Now I think that this seems intuitively silly and even absurd to many people. There seems to be just no way how one can transform an utter ignorance into a specific knowledge.

Degrees of belief of a rational agent

More moderate Bayesians will probably agree with me that it is misguided to speak of a knowledge of probabilities in the fourth case. Nevertheless they might insist he should have the same confidence that the treasure is in a white ball as in a red one.

I’m afraid this changes nothing to the problem. On Monday Fred has a perfect warrant for feeling the same confidence.
How can he have the same confidence on Thursday if he knows absolutely nothing about the distribution?

So Frederic would be perfectly rational in believing that he does not know the probabilities p(r) = ? and p(w) = ?

Likewise, an alien having just landed on earth would be perfectly rational not to know the initial likelihood of the religions:
p(Christianity) = ?     p(Islam) = ?     p(Mormonism) = ? and so on and so forth.

But there is an additional problem here.

The proposition “the religion x is true one” is not related to any event and it is doubted by non-Bayesian (and moderate Bayesian) philosophers that is warranted to speak of probabilities in such a situation.

Either x is true or false and this cannot be related to any kind of frequency.

The great science philosopher Elliot Sobert (who is sympathetic to Bayesian epistemology) wrote this about the probability of a theory BEFORE any data has been taken into account:

Newton’s universal law of gravitation, when suitably supplemented with plausible background assumptions, can be said to confer probabilities on observations. But what does it mean to say that the law has a probability in the light of those observations? More puzzling still is the idea that it has a probability before any observations are taken into account. If God chose the laws of nature by drawing slips of paper from an urn, it would make sense to say that Newton’s law has an objective prior. But no one believes this process model, and nothing similar seems remotely plausible.”

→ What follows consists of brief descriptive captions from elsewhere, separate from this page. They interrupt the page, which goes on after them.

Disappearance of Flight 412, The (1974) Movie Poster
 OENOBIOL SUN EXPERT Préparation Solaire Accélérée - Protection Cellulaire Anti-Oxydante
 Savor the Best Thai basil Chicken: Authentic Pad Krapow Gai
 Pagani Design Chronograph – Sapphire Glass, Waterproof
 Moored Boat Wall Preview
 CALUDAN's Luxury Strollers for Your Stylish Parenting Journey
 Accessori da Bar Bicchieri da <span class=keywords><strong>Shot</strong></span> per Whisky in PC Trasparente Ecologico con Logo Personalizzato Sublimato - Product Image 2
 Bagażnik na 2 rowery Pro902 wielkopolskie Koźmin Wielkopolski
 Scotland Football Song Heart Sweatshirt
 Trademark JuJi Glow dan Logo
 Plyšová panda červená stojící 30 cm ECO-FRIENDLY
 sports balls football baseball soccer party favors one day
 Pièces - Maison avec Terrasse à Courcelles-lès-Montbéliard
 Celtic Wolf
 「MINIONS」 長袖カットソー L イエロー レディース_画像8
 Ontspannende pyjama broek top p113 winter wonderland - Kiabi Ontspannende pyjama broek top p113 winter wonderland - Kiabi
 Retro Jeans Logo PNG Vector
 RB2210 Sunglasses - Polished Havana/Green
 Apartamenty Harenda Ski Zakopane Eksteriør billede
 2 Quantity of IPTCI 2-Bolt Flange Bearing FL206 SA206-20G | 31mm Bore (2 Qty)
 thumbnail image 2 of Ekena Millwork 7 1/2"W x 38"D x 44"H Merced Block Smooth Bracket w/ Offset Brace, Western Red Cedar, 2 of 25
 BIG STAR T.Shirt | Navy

He rightly reminds us t the beginning of his article that “it is not inevitable that all propositions should have probabilities. That depends on what one means by probability, a point to which I’ll return. The claim that all propositions have probabilities is a philosophical doctrine, not a theorem of mathematics.” l

So, it would be perfectly warranted for the alien to either confess his ignorance of the prior likelihoods of the various religions or perhaps even consider that these prior probabilities do not exist, as Elliot Sober did with the theory of gravitation.

In future posts, I will lay out a non-Bayesian way to evaluate the goodness of theory which only depends on the set of all known facts and don’t assume the existence of a prior probability before any data has been considered.

As we shall see, many of the probabilistic challenges of Dr. Richard Carrier against Christianity kind of dissolves if one drops the assertion that all propositions have objective prior probabilities.

To conclude, I think I have shown in this post that the probabilistic defense of the Outsider Test of Faith is unsound and depends on very questionable assumptions.

I have not, however, showed at all that the OST is flawed for it might very well be successfully defended based on pragmatic grounds. This will be the topic of future conversations.